Generating Data | kebabShopBlues

I’ve worked on a couple of projects recently where the design of the underlying data-model has, I think, surprised my colleagues. In both cases, there were elements to the design where I have chosen to persist something to the database which I think they may have tried to avoid saving that information; so I wanted to jot down some reasons why it’s a good idea (in these cases anyway).

Working Hours

This was part of a Human Resources system, and there was a need to track ‘working hours’ for each employee. The shift patterns were complex; they operated on a four-week cycle but also had overrides in the form of 1st Sunday in the calendar month, Last Saturday, and so on. Furthermore, there were employees who worked shifts that scheduled them for 6 days in one week, but they got one of those days off individually, to work 5 days in total.
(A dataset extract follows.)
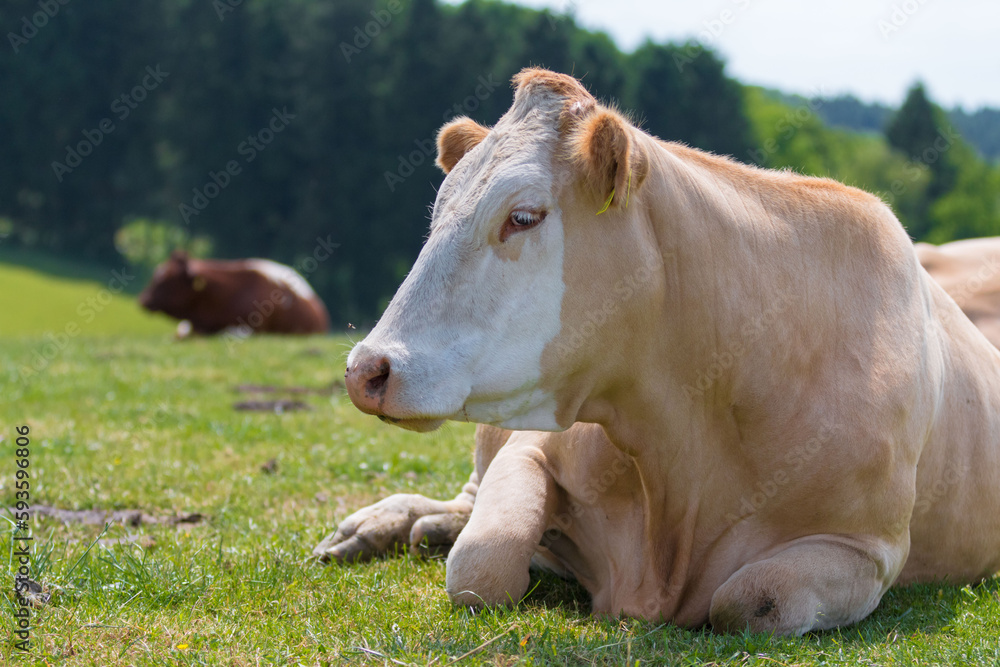 custom made wallpaper toronto digitalA single Cattle is resting and ruminating on a green meadow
Generating EmployeeWorkDay records from template data

Reporting: Separating the generated working time data from the template data allowed for very direct reporting on the information; if you wanted to find out someone’s scheduled working hours, the reporting tools would only need to examine one table (as long as the data had been generated far enough in advance);
Calculation Overhead: Generating the data into the future ensured, with certain constraints, that the calculations would only have to be done once. If the client wanted programs to warn of late arrival of staff or whatever, the program could again query the generated data, and not have to redo all the calculations to find out when an employee was due to start that day;
Holiday: Really this is just a restatement of the previous point; if I want to figure out how many days holiday someone is requesting, it is far, far easier to look at the days and working times that they are expected to work on and between their requested holiday, than it is to calculate their working pattern, and then count how many days of holiday they are requesting;
Storing Actual Data: There was also a demand for storing the actual times employees logged-in and logged-out of the system (first and last only). Therefore, we were inevitably going to need a table to store this, and it seemed to me that storing it alongside the generated data was appropriate.
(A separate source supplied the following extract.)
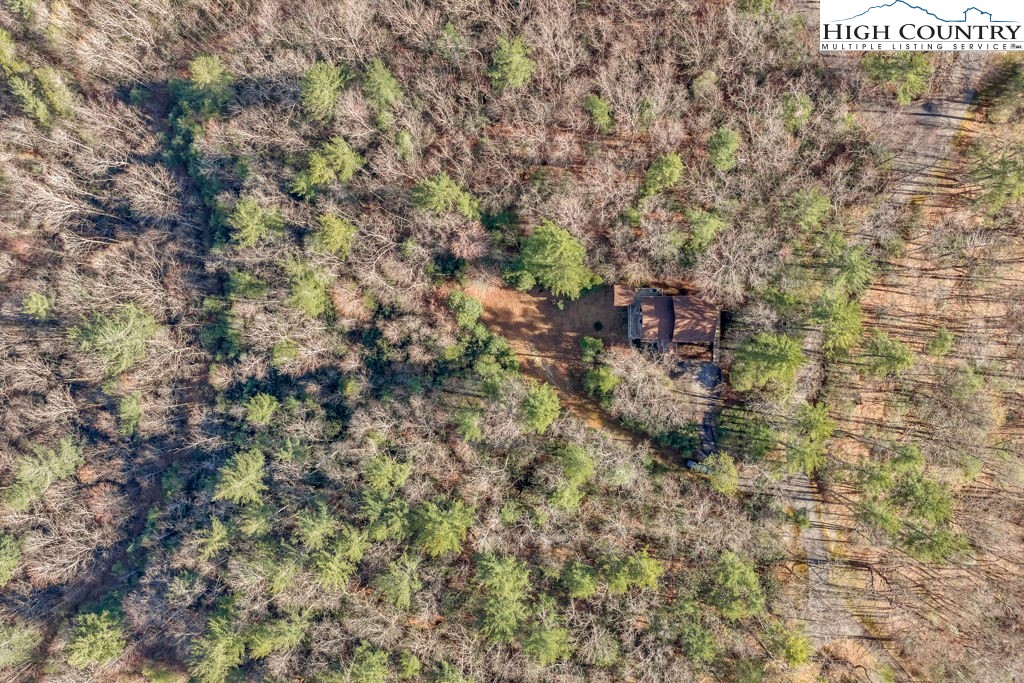 801 Wagon Ridge Road Ferguson, NC 28624 - Photo 44 of 44 a picture of a tree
The Problems with Generated Data

This main problem with generating data like this is that it is really a cache (one that happens to be persisted in the DB) that we need to manage; or at least that is the case for future data. As such, we need to put a whole bunch of stuff around that to manage it, keep it up-to-date, allow changes and so forth. For example, we now have to provide batch routines to generate these ‘Employee Work Days’ into the future, or screens to allow someone to move shift patterns, again at some specific data in the future.

However, the summary of this design is that it works, and it is very flexible; even allowing manual swaps of shifts (e.g. allowing someone to swap an afternoon for a double-shift later in the week), or allowing the system to swap a shift temporarily (e.g. if a team is short-staffed, it’s easy to copy an employee’s expected work hours to another employee, to facilitate holiday or sickness cover).